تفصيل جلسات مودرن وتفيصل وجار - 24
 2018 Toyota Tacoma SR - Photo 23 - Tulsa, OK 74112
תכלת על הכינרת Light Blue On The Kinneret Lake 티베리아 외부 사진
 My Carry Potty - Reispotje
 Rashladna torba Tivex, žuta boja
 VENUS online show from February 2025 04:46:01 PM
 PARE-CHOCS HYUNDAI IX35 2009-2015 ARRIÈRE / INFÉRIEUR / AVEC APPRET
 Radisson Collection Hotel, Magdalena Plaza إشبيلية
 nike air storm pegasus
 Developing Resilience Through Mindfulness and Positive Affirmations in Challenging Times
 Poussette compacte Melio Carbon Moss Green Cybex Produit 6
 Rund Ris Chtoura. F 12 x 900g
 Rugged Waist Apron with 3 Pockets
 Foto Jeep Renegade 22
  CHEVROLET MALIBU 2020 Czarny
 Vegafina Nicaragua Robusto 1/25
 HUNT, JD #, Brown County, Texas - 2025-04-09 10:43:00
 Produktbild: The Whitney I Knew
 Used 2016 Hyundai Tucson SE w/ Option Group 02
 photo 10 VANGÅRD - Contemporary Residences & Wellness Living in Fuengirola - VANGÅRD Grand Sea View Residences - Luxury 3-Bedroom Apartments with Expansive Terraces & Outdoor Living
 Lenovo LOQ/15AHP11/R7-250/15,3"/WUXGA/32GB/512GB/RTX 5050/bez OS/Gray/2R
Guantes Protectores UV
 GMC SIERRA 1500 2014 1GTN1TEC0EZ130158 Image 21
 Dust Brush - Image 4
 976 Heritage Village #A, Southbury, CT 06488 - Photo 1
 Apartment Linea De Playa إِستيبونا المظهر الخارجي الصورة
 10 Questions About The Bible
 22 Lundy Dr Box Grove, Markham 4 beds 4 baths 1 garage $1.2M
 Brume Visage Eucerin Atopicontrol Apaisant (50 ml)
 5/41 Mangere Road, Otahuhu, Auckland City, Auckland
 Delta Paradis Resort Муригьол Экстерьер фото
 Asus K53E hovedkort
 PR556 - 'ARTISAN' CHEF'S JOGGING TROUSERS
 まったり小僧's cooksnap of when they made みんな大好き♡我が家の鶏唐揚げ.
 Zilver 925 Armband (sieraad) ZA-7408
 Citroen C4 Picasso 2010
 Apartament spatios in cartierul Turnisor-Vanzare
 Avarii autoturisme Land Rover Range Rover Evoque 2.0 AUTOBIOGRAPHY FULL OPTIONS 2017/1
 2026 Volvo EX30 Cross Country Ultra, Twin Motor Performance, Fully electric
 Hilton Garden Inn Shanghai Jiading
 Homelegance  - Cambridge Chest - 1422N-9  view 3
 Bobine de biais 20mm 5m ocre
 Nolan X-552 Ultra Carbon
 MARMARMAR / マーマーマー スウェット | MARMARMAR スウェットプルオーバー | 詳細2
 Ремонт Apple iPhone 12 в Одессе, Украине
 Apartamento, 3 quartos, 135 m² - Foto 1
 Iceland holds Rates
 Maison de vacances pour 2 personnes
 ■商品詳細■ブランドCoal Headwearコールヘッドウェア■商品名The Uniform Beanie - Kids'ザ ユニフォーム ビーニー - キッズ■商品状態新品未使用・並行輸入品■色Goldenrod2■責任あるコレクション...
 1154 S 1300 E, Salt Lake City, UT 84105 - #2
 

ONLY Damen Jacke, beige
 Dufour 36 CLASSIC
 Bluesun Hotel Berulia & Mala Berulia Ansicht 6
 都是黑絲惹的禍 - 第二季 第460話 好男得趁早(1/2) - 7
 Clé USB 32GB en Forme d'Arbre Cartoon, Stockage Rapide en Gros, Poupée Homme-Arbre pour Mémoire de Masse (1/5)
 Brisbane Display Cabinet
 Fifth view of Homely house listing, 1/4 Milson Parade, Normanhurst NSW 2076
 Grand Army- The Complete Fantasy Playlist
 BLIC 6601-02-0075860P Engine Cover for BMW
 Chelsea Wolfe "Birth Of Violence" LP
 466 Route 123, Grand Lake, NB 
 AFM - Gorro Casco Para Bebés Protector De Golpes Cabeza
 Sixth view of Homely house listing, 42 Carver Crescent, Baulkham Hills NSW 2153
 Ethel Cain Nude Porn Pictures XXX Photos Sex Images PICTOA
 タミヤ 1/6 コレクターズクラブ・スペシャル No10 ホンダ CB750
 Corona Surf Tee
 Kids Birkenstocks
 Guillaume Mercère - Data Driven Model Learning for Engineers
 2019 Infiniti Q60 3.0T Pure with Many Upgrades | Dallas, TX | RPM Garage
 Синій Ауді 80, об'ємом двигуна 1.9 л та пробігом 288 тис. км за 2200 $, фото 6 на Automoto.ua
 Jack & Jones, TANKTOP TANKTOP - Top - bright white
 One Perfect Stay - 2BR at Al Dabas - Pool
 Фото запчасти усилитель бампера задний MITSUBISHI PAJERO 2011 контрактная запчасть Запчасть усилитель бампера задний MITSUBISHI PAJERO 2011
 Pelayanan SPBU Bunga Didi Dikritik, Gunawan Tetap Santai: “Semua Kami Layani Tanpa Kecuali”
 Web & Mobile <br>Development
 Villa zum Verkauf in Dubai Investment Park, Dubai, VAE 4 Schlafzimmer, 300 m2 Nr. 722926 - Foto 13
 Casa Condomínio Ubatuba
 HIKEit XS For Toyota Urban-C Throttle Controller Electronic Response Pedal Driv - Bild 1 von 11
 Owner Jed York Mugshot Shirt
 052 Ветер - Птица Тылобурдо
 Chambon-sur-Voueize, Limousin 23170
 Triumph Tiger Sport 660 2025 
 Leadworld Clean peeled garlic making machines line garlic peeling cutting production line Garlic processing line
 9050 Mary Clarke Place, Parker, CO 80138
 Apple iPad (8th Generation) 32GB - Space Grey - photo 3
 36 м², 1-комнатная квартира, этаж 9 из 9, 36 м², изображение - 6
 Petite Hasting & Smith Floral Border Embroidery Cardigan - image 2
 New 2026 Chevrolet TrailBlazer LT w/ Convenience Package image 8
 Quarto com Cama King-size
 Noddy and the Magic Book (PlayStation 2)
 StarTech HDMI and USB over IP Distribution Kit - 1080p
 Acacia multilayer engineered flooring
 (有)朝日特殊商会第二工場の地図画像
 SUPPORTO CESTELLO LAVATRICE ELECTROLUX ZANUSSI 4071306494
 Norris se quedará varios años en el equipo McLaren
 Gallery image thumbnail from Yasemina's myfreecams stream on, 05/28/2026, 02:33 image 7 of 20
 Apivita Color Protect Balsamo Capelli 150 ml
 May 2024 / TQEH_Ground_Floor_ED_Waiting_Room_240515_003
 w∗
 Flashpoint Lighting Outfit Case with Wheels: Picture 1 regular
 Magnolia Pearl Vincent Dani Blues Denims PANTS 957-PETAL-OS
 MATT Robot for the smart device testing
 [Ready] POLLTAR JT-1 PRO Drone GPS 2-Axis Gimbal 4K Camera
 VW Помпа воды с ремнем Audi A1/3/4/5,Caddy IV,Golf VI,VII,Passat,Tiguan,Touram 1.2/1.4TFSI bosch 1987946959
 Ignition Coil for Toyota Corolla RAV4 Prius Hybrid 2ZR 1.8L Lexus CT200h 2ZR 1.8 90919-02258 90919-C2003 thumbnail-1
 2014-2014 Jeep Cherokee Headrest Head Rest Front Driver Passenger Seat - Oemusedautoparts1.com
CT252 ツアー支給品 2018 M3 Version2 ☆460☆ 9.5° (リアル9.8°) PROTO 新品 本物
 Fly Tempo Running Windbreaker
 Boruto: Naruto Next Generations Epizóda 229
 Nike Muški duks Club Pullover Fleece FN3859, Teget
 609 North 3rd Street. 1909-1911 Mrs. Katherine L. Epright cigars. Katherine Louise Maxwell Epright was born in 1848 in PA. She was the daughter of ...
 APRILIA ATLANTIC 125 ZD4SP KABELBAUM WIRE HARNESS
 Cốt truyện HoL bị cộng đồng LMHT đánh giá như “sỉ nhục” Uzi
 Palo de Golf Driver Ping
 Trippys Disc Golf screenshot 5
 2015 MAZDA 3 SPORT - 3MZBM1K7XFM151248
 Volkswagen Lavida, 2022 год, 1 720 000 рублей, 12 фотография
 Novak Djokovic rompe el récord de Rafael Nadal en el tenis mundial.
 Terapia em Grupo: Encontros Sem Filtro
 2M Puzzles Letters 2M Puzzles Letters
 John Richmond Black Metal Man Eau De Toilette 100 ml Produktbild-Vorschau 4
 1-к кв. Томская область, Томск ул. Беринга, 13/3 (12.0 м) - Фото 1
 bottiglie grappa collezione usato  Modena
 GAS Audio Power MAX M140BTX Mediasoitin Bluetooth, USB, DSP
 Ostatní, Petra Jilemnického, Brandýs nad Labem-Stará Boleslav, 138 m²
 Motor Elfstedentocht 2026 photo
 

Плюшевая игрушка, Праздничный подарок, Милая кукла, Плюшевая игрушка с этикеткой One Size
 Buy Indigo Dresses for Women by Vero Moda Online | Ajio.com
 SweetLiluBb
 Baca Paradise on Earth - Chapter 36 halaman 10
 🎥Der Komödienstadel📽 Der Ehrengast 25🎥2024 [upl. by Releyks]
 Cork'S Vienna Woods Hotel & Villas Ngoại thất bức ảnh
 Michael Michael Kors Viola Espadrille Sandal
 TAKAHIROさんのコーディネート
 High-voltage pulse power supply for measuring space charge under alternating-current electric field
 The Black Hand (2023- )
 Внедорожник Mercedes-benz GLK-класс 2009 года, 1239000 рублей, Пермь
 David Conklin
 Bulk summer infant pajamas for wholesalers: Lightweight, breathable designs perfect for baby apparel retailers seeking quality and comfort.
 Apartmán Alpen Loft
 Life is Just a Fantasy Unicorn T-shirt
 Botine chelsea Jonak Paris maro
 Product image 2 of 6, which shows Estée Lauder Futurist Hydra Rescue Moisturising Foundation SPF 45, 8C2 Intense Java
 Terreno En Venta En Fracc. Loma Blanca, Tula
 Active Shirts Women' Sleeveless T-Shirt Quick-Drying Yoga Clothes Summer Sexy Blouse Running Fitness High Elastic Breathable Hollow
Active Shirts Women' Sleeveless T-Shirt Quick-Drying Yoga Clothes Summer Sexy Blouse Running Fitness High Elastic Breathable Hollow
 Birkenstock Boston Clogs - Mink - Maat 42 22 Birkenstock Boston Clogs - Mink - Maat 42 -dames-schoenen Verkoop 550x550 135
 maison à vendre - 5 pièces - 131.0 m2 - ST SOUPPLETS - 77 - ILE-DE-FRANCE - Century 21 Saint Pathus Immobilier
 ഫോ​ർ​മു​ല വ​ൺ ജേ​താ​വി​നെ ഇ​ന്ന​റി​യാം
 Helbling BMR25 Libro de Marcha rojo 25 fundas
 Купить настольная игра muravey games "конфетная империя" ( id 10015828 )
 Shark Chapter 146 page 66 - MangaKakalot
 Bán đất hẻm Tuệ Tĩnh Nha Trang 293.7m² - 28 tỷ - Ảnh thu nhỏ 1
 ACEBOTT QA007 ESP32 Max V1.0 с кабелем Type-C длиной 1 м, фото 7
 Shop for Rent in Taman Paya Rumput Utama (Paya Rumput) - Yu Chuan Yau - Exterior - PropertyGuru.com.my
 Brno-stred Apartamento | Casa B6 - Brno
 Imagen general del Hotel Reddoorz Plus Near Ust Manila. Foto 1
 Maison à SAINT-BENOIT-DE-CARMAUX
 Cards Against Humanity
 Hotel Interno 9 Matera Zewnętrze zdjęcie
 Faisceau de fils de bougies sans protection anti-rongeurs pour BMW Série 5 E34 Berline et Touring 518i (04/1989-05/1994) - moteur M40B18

• **What to do**
The answer must consist of every line in the records above that contains the word "рублей".

• **Task answer**
 Volkswagen Lavida, 2022 год, 1 720 000 рублей, 12 фотография
 Внедорожник Mercedes-benz GLK-класс 2009 года, 1239000 рублей, Пермь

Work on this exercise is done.